AUDIOBOOK

The August Coup

The Destruction of the Soviet Union and the Making of New Russia 1985-1991

Robert Service
(0)
Duration
14h 31m
Year
2026
Language
English

About

From acclaimed historian and author of Kremlin Winter and Blood on the Snow, a dramatic and expertly researched account of an extraordinary moment in Russia's recent history: the August Coup.

In the summer of 1991, a group of eight plotters came together to overthrow Mikhail Gorbachëv, then the president of the USSR. These ruthless conspirators, who occupied positions of high office, declared a state of emergency to restore stability through authoritarian rule. The reality turned out to be a shambolic failure which hastened the fall of the USSR and a pivotal shift from communism to capitalism.

Beginning with a minute-by-minute re-enactment of Gorbachëv's capture in his holiday home in Crimea, Robert Service follows the plot from its inception to its humiliating collapse.
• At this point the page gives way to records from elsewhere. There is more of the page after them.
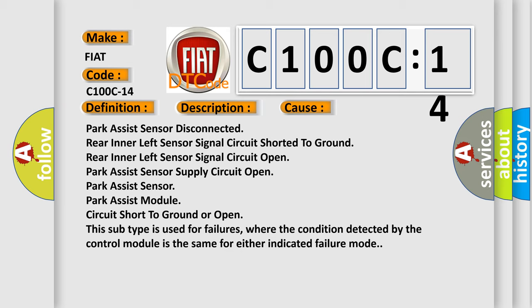Park assist sensor supply circuit open, park assist sensor, park assist module, circuit short to ground or open. This subtype is used for failures where the condition detected by the control module is the same for either indicated failure mode.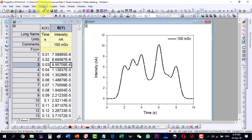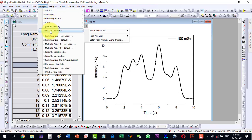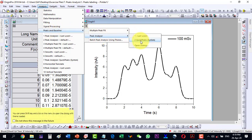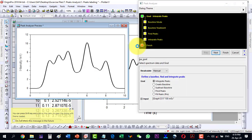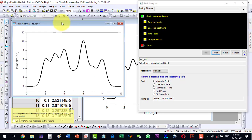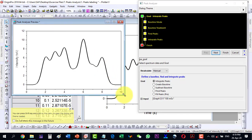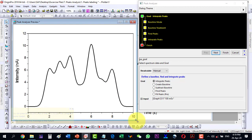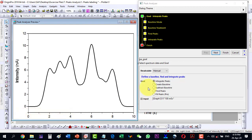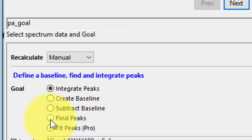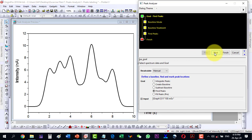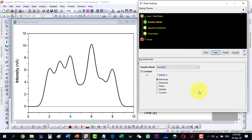To do it automatically, select the plot and go to Analysis, then Peaks and Baseline, then Peak Analyzer, and open the dialog. It will show us a preview of the plot, so let's maximize this one.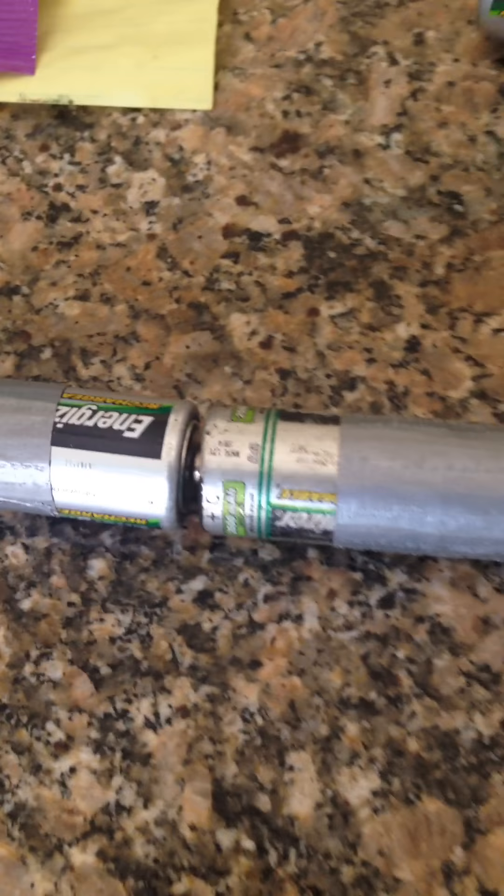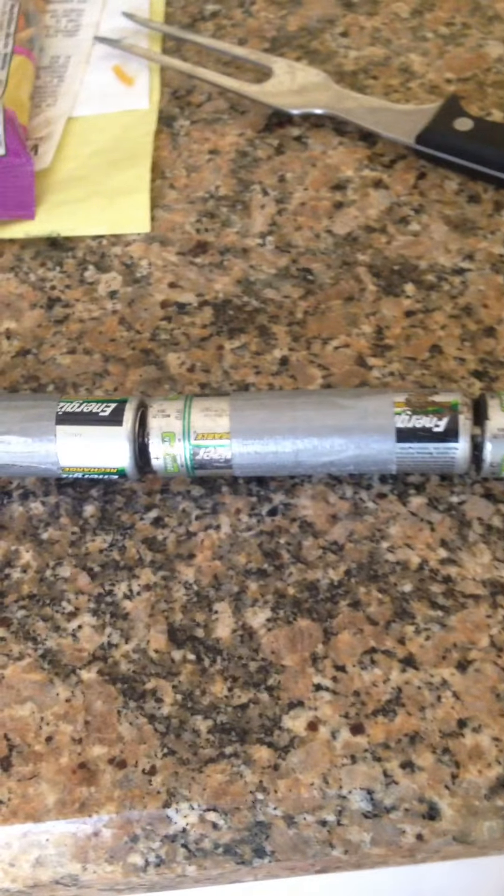Anyway, you can see what I've done here. All the batteries are taped like this. And then what you do is you tape those two like that.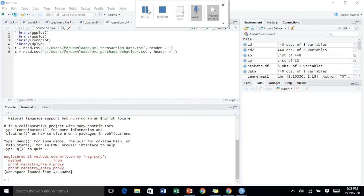Assalamualaikum guys, my name is Muhammad Saad Khalid and today I'm going to be doing this quantum virtual internship work experience program. I'm going to take you through the dataset and how I'm going to filter it, so it's going to be easy for you guys. I'll be using both R and Microsoft Excel.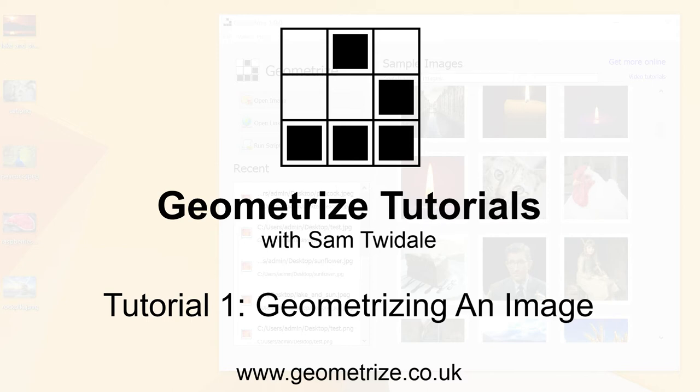Welcome to the Geometrize video tutorials. I'm your host Sam Twidale. I'm the game developer and software engineer who made Geometrize.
The troubling side effects of Gorbachëv's well-meant reforms in the Soviet Union – business fraud, government corruption, organized crime and interethnic conflict – increased exponentially, and a New Russia was born. Fathered by Boris Yeltsin, it brought lamentably less benefit to the Russian economy or its people than he had promised.
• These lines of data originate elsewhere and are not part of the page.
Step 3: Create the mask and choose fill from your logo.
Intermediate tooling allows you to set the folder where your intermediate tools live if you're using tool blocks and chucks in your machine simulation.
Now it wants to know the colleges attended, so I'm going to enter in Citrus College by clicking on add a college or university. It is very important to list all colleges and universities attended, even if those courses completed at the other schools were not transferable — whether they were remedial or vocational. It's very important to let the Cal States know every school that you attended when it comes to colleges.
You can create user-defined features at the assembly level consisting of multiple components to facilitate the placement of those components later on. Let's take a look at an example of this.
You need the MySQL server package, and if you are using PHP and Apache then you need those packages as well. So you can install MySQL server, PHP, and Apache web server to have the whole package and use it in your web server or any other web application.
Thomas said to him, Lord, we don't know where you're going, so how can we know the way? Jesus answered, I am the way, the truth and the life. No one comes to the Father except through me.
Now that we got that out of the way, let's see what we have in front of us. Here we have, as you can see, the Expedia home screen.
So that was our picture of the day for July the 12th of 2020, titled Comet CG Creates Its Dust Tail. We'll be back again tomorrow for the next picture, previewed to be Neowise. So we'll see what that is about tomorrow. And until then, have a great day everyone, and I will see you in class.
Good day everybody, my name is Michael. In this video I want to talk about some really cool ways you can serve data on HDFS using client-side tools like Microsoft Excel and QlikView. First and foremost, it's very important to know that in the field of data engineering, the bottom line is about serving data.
Linking the years from the coup itself to today's Russia under Vladimir Putin, The August Coup is a thoroughly compelling and original chronicle of a moment that changed Russian and global politics for ever. Robert Service is a Fellow of the British Academy and of St Antony's College, Oxford. He has written several books, including the highly acclaimed Lenin: A Biography, Russia: Experiment with a People, Stalin: A Biography and Comrades: A History of World Communism, as well as many other books on Russia's past and present including Kremlin Winter: Russia and the Second Coming of Vladimir Putin. Trotsky: A Biography was awarded the 2009 Duff Cooper Prize. He lives in London. Compelling and dramatic, Robert Service's The August Coup expertly conveys how and why the USSR crumbled in 1991.